Skip site navigation (1)Skip section navigation (2)
Date:      Thu, 24 Jun 2010 17:22:41 -0500
From:      Adam Vande More <amvandemore@gmail.com>
To:        Matthew Lear <matt@bubblegen.co.uk>, Jeremy Chadwick <freebsd@jdc.parodius.com>, freebsd-stable@freebsd.org
Subject:   Re: 7.2-RELEASE-p4, IO errors & RAID1 failure
Message-ID:  <AANLkTimo1Vb461DHw3ZXNwK5BxDcgzKSkdxc3Dnqizge@mail.gmail.com>
In-Reply-To: <1277417182.1874.30.camel@almscliff.bubblegen.co.uk>
References:  <1276844904.7519.19.camel@almscliff.bubblegen.co.uk> <20100618082127.GA34578@icarus.home.lan> <1276876031.7519.39.camel@almscliff.bubblegen.co.uk> <20100618174208.GA47470@icarus.home.lan> <1276889330.2210.44.camel@almscliff.bubblegen.co.uk> <1277155992.1860.3.camel@almscliff.bubblegen.co.uk> <20100622074541.GA71157@icarus.home.lan> <82A96ECD-676C-4A4D-A328-0CFAABD64D50@gid.co.uk> <1277401934.1874.12.camel@almscliff.bubblegen.co.uk> <20100624181535.GA58443@icarus.home.lan> <1277417182.1874.30.camel@almscliff.bubblegen.co.uk>

next in thread | previous in thread | raw e-mail | index | archive | help
Haven't followed the entire thread, but wanted to point out something
important to remember. SMART is not a reliable indicator of failure.

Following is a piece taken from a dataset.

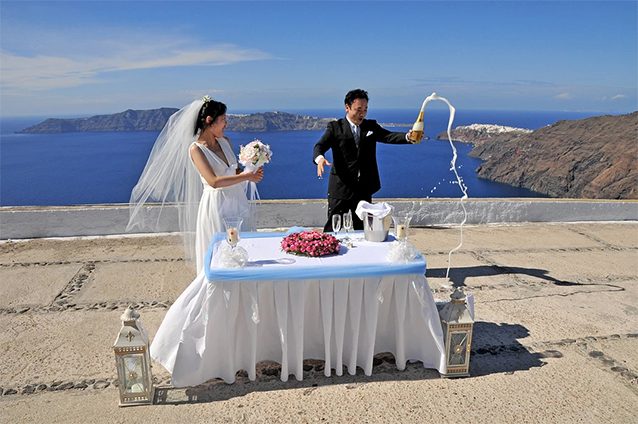 Ceremony table set at the Profitis Elias chapel with a sea view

It's certainly better than listening to it but it picks up less than
1/2 of drive failures. Google released a study of their disks in data
centers a few years ago that was fairly in depth look into drive
failure rate. You might find it interesting.

On 6/24/10, Matthew Lear <matt@bubblegen.co.uk> wrote:
> On Thu, 2010-06-24 at 11:15 -0700, Jeremy Chadwick wrote:
>> On Thu, Jun 24, 2010 at 06:52:14PM +0100, Matthew Lear wrote:
>> > On Tue, 2010-06-22 at 20:04 +0100, Bob Bishop wrote:
>> > > Hi,
>> > >
>> > > On 22 Jun 2010, at 08:45, Jeremy Chadwick wrote:
>> > >
>> > > > On Mon, Jun 21, 2010 at 10:33:12PM +0100, Matthew Lear wrote:
>> > > >> [tale of woe elided]
>> > > >
>> > > > I don't really have any other thoughts on the matter, sadly.
>> > > > [helpful suggestions elided]
>> > > >
>> > > > Anyone else have ideas/recommendations?
>> > >
>> > > The disks sure look OK. I wouldn't rule out the controller(s), I've
>> > > had various chipsets fail in odd ways.
>> > >
>> >
>> > Thanks Bob. I think we all thought the same.
>> > I've actually just rebooted the machine and FreeBSD no longer boots.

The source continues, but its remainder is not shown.